(Short web captions)

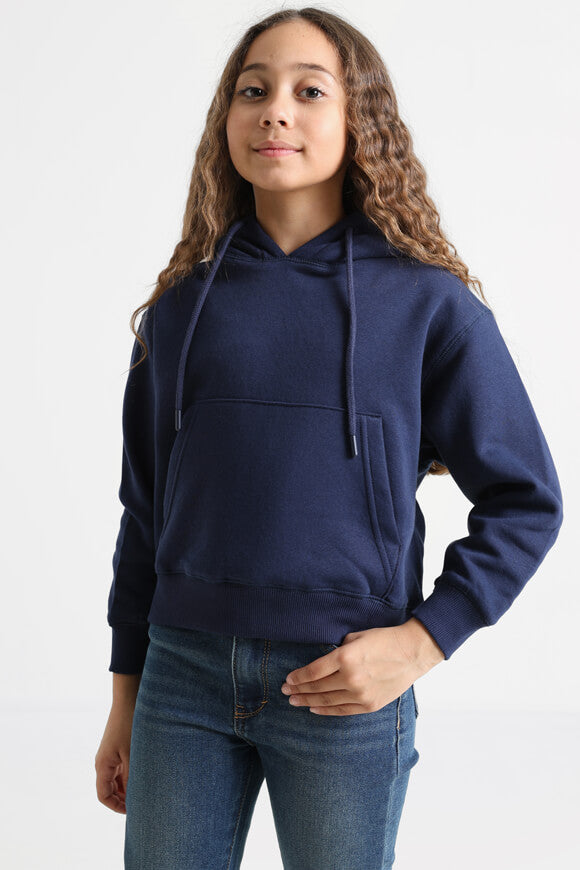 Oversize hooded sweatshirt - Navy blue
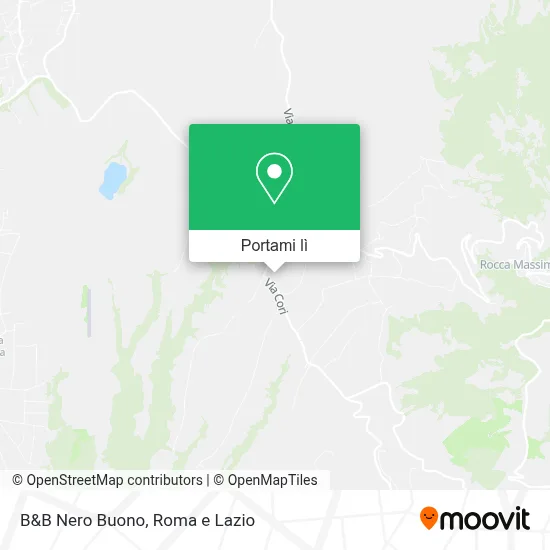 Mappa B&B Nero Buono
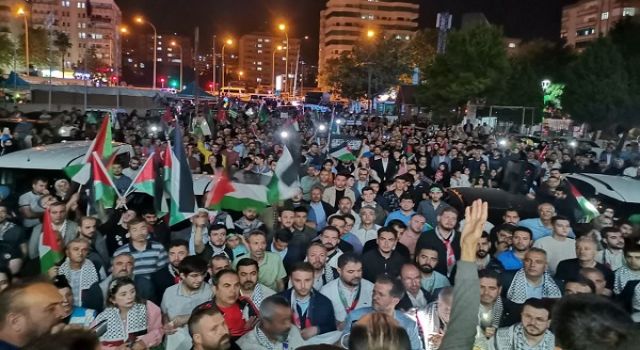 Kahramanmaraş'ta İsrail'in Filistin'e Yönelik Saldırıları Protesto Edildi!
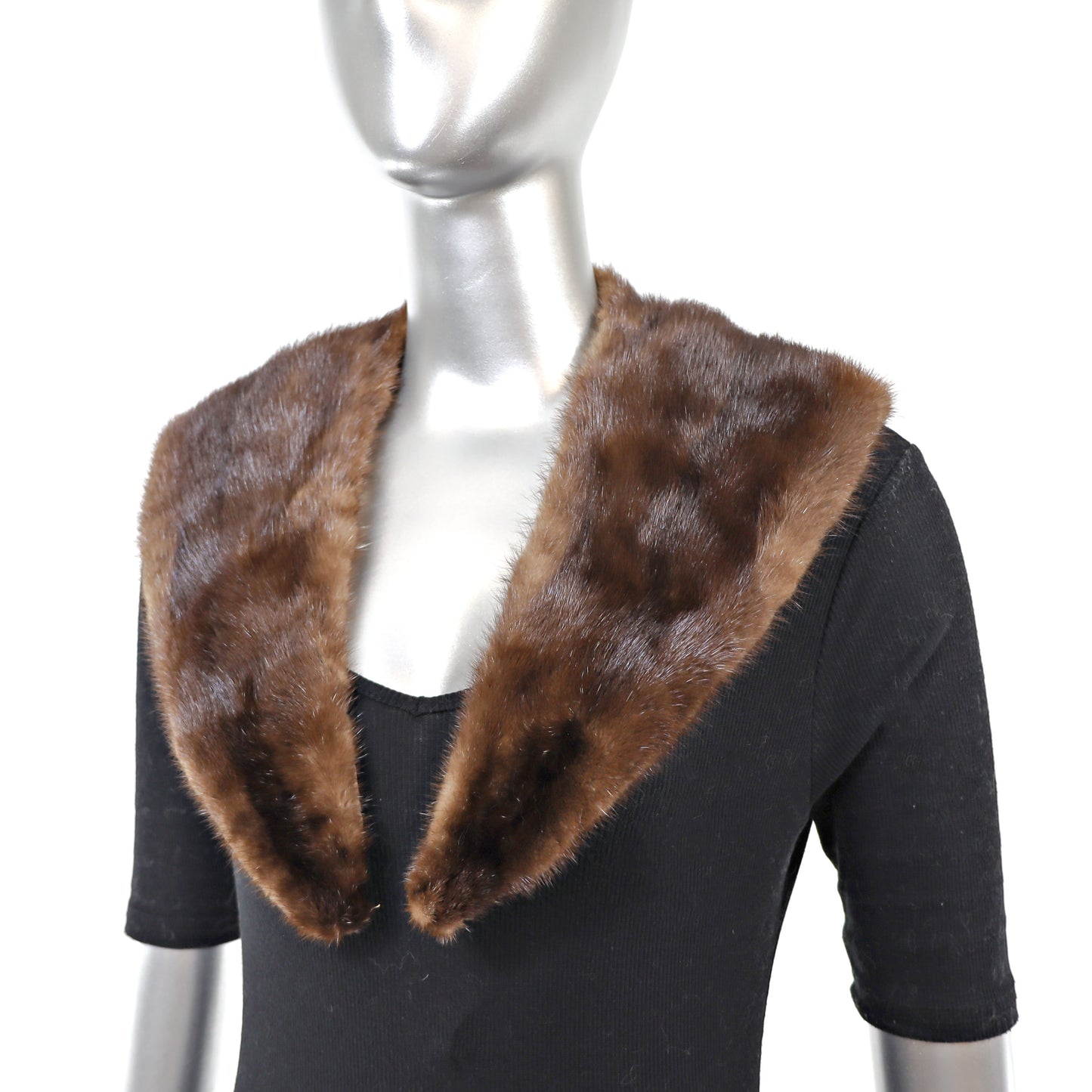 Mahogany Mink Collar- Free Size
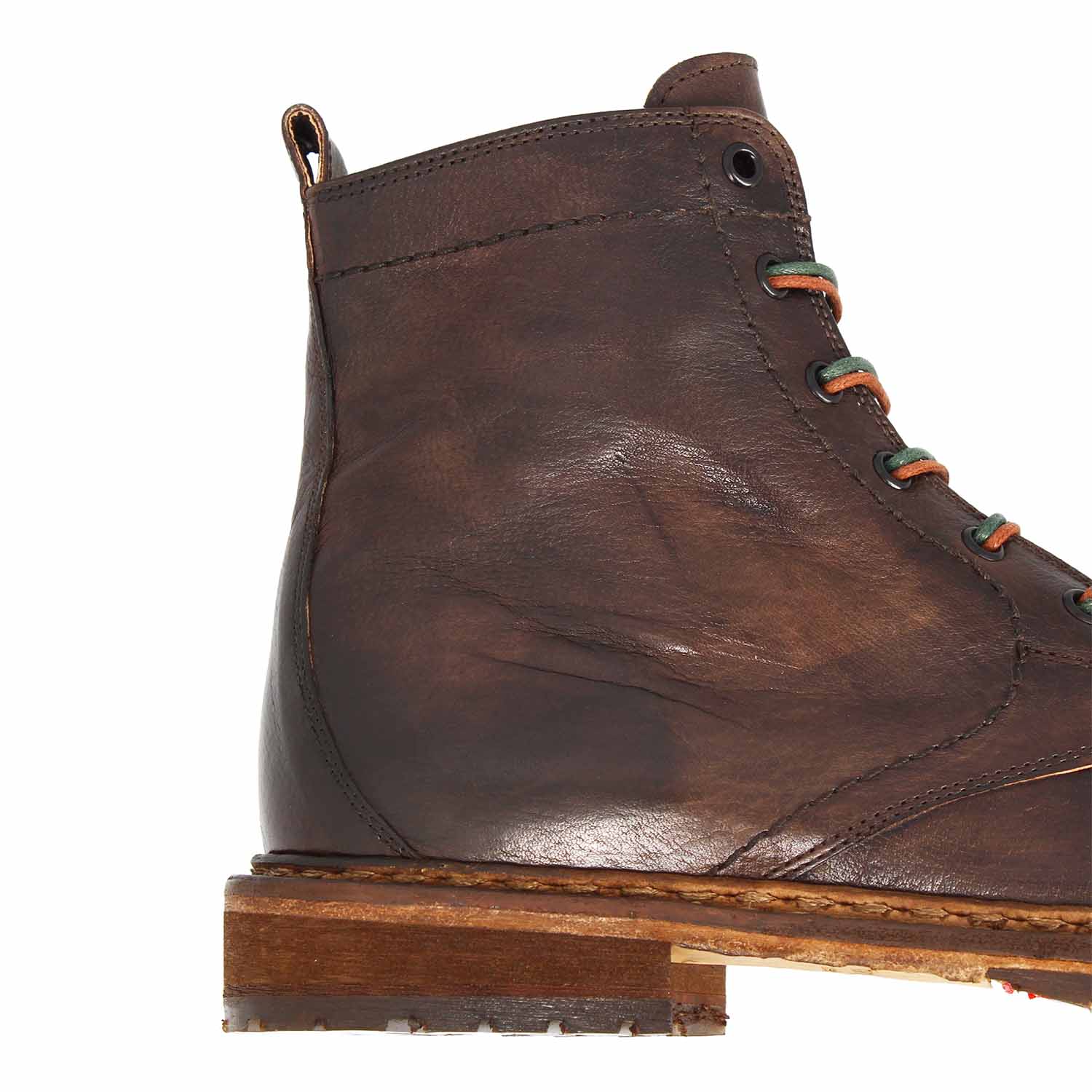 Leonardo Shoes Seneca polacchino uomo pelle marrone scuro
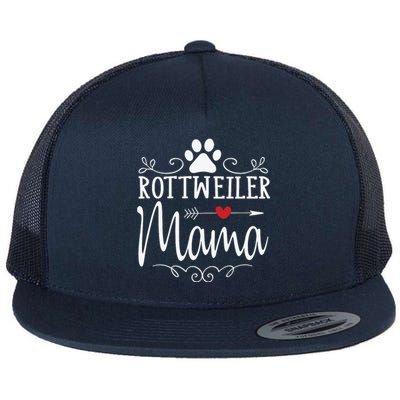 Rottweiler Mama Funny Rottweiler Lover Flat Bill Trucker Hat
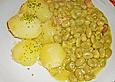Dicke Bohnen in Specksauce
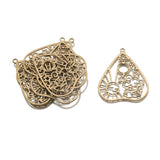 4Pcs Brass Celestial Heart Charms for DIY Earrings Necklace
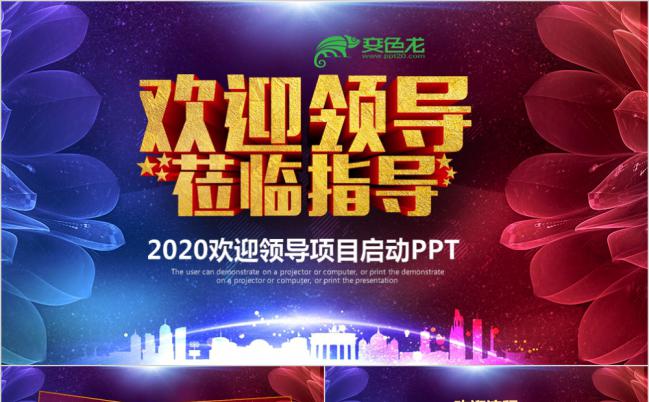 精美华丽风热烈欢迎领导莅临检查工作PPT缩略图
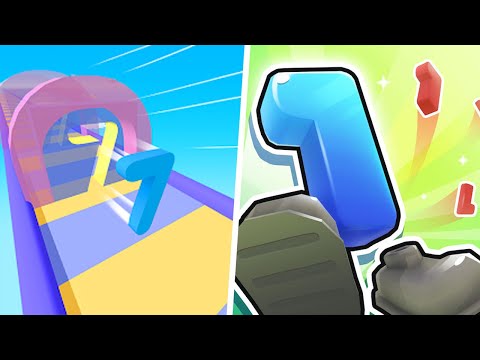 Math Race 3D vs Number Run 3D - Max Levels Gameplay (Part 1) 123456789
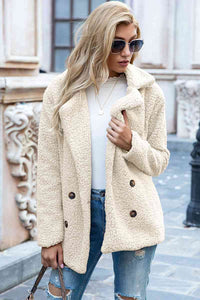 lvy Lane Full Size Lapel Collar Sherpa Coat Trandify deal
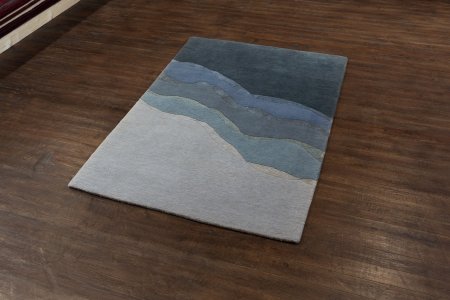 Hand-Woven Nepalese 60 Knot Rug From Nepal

WHAT THIS TASK INVOLVES :: Leaving out the pictures, restate word for word the lines above from the one containing "Kahramanmaraş'ta İsrail'in Filistin'e" through the end of the records, both ends included.

SOLUTION TO THIS TASK ::
 Kahramanmaraş'ta İsrail'in Filistin'e Yönelik Saldırıları Protesto Edildi!
 Mahogany Mink Collar- Free Size
 Leonardo Shoes Seneca polacchino uomo pelle marrone scuro
 Rottweiler Mama Funny Rottweiler Lover Flat Bill Trucker Hat
Dicke Bohnen in Specksauce
 4Pcs Brass Celestial Heart Charms for DIY Earrings Necklace
 精美华丽风热烈欢迎领导莅临检查工作PPT缩略图
 Math Race 3D vs Number Run 3D - Max Levels Gameplay (Part 1) 123456789
 lvy Lane Full Size Lapel Collar Sherpa Coat Trandify deal
 Hand-Woven Nepalese 60 Knot Rug From Nepal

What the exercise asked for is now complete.